One of the biggest challenges startups face is obtaining working capital to support growth. Securing small business loans for new businesses is challenging though it can sometimes be easier to get a personal loan. Banks and traditional lenders rarely grant loans to startups because of the lack of experience, business credit, and more.
Fortunately, there are ways for startup companies to secure the funds needed to keep your business afloat. Here are some of the ways you can finance your startup:
1. Equipment Financing
Most startup companies find it challenging to qualify for a loan from banks and other traditional lenders. These lenders often have strict loan requirements that only established companies are able to qualify. If you specifically need funding to purchase equipment, check out equipment financing.

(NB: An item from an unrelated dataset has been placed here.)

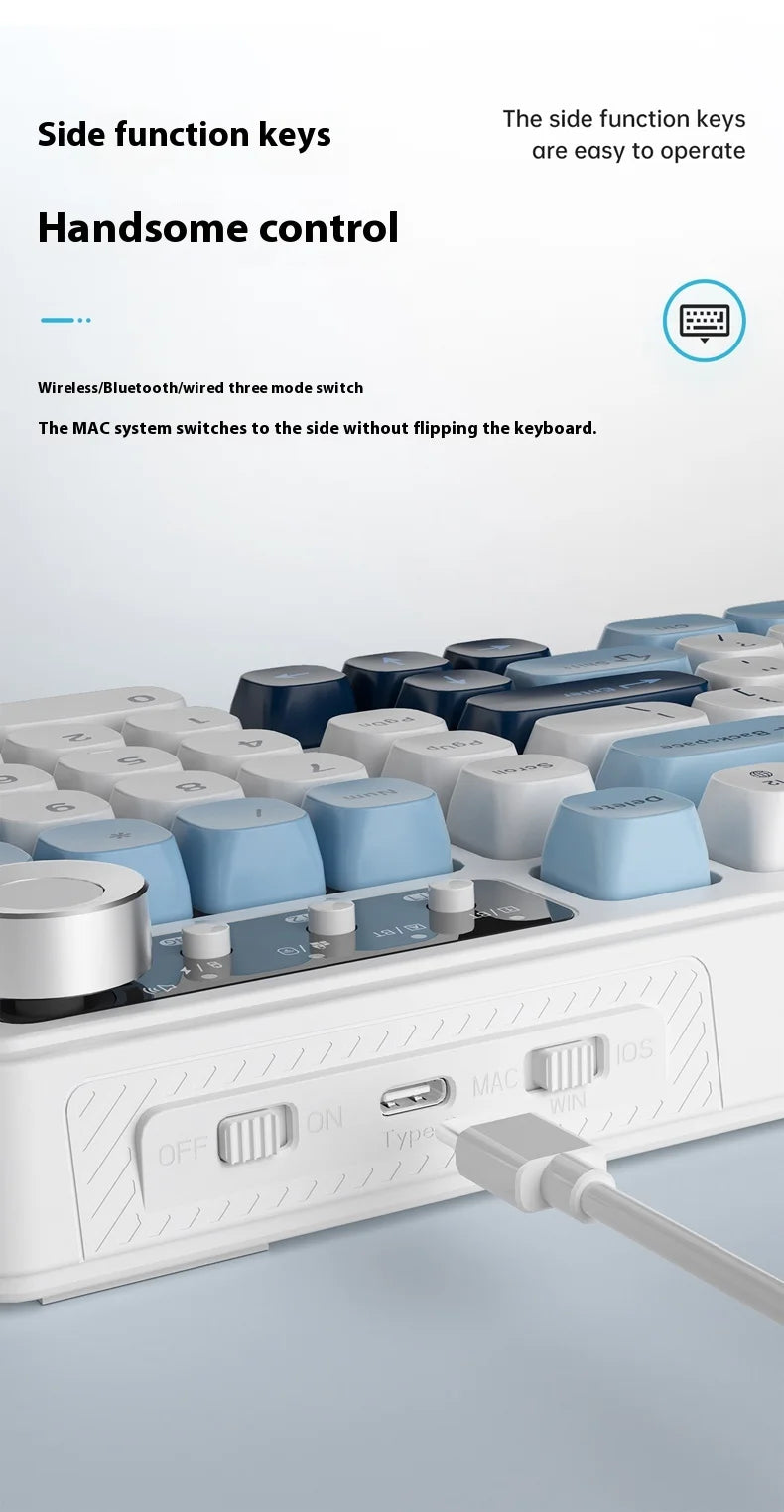 Ajazz Af98 Wireless Bluetooth Three-Mode Keyboard E-Sports Game Special Mechanical Touch Typing Office Computer Wired Keyboard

This type of financing provides you with the funds needed to purchase or lease equipment and machinery. It’s structured similarly to conventional loans where you pay fixed monthly payments over a specified period. However, you can only use the funds to purchase equipment, furniture, and company vehicles.
Startup businesses have a greater chance of qualifying for equipment loans because the equipment you’re going to buy secures the loan. This means that lenders have the right to seize your equipment in case you default on the loan.
2. Invoice Financing
Pending invoices can put a dent on your cash flow. If you have to wait for 60 to 90 days to receive payment, you can consider applying for invoice financing.
This type of financing allows you to “sell” your pending invoices to lending companies in exchange for upfront cash. Lenders typically advance 80% to 90% of the total invoice value so you wouldn’t have to wait for months before getting paid. Once your customers pay their dues, lenders will give you the remaining balance minus a transaction fee. It’s a great solution for companies that need additional working capital in a pinch.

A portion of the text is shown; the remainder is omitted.